Home Business Asus Zenbook 14 OLED Q425 Review: Lightweight, Long-Running OLED Laptop for Less

Asus Zenbook 14 OLED Q425 Review: Lightweight, Long-Running OLED Laptop for Less



  • Good OLED display for the price
  • Lightweight for a 14-inch laptop
  • Long battery life


  • Aluminum frame a bit flimsy
  • Display hinge isn’t great
  • Mediocre touchpad

Spend $1,000 on a laptop and you’ll generally end up with a mainstream model with peppy application performance inside an aluminum chassis with a decent IPS display. In some instances, you can find a higher-resolution IPS panel like we saw recently with the 2.2K IPS display on the Dell Inspiron 14 Plus or an OLED panel as supplied by the Lenovo Slim 7i. The Asus Zenbook 14 OLED Q425 follows a recipe similar to that of the Slim 7i with its 14-inch OLED touch display powered by an Intel Core Ultra 7 processor. Just by virtue of the superior fidelity of its OLED display, the Zenbook 14 OLED Q425 stands out from the midrange laptop crowd but also feels like a lesser version of the Slim 7i.

The Zenbook 14 OLED Q425 is lighter and longer running than the Slim 7i, but this increased portability comes at the expense of build quality. The Zenbook 14 OLED Q425’s aluminum enclosure suffers from a not insignificant amount of flex and doesn’t feel nearly as sturdy as the Slim 7i’s rigid case. The Zenbook 14 OLED Q425’s audio output also pales in comparison to the sound of the Slim 7i’s quad speakers. Despite these demerits, the Zenbook 14 OLED Q425 still remains a strong contender among mainstream laptops at its price of $1,050. It’s just that the Lenovo Slim 7i offers an even better package and usually for less.

Asus Zenbook 14 OLED Q425

Price as reviewed $1,050
Display size/resolution 14-inch 1920×1200 OLED
CPU Intel Core Ultra 7 155H
Memory 16GB LPDDR5X 7467MHz RAM (soldered)
Graphics Intel Arc
Storage 1TB SSD
Ports 2x Thunderbolt 4 USB-C, USB 3.2 Gen 1 Type-A, HDMI 2.1, combo audio
Networking Wi-Fi 6E and Bluetooth 5.3
Operating system Windows 11 Home 23H2
Weight 2.9 pounds (1.3 kg)

The Q425 model of the Asus Zenbook 14 OLED is a fixed configuration available at Best Buy for $1,050. It features an Intel Core Ultra 7 155H processor, 16GB of RAM, integrated Intel Arc graphics and a 1TB SSD. The 14-inch OLED display features a 1,920×1,200-pixel, a standard 60Hz refresh rate and touch support. A less expensive Q415 model sells for $800 at Best Buy. It offers the same OLED display but with a Core Ultra 5 135H CPU, 8GB of RAM and a 512GB SSD. 

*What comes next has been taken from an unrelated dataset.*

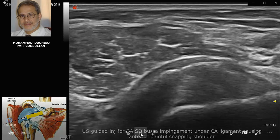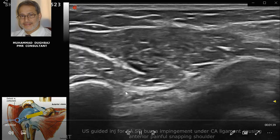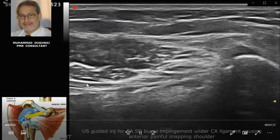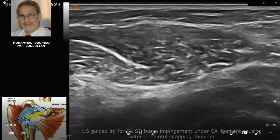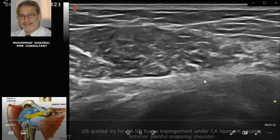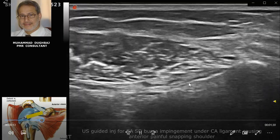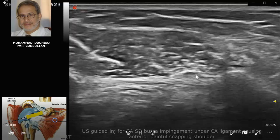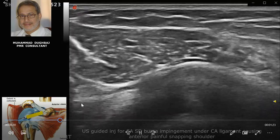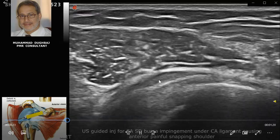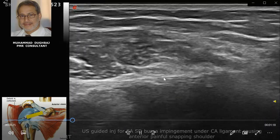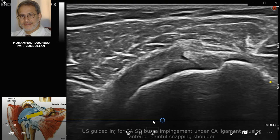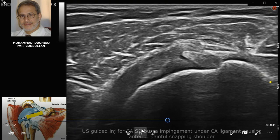During internal rotation, you can observe the coracoid and the coracoacromial ligament extending from the coracoid. The synovial tissue is visible here, causing bulging and pushing the coracoacromial ligament. The impingement occurs not under the coracoid but here — you can see the synovial tissue hypertrophy and the coracoacromial ligament clearly.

The higher-end Q425 model drops to as low as $800 when it’s on sale at Best Buy, but it’s usually found at its full price of $1,050.

The Asus ZenBook 14 OLED Q415 and Q425 are unavailable in the UK or Australia, but the similar ZenBook 14 OLED UX3405 can be found. It’s based on the same Core Ultra 7 155H chip but offers a 14-inch OLED with a higher-res 2.8K resolution. The ZenBook 14 OLED UX3405 starts at £1,100 in the UK and AU$1,899 in Australia.

Asus Zenbook 14 OLED Q425 turned to show aluminum lid Asus Zenbook 14 OLED Q425 turned to show aluminum lid

Matt Elliott/CNET

In testing, the Zenbook 14 OLED Q425 proved to be a capable mainstream performer. It was faster than the Dell Inspiron 14 Plus and Lenovo Slim 7i on our application benchmarks but lagged behind each on our graphics tests. In general, it felt speedy during general Windows use and handled various multitasking scenarios without any hiccups or lags while staying cool and quiet during operation. 

It also produced an excellent result in battery testing, lasting more than 13 hours on our online video streaming battery drain test. That’s an impressive runtime for any laptop, especially for an OLED model. Granted, the lower-resolution and slower 60Hz refresh help it run longer than higher-end OLED laptops with higher-resolution, 120Hz panels that require more power, but the Zenbook 14 OLED Q425 is still a rarity among laptops by providing both an OLED display and long battery life.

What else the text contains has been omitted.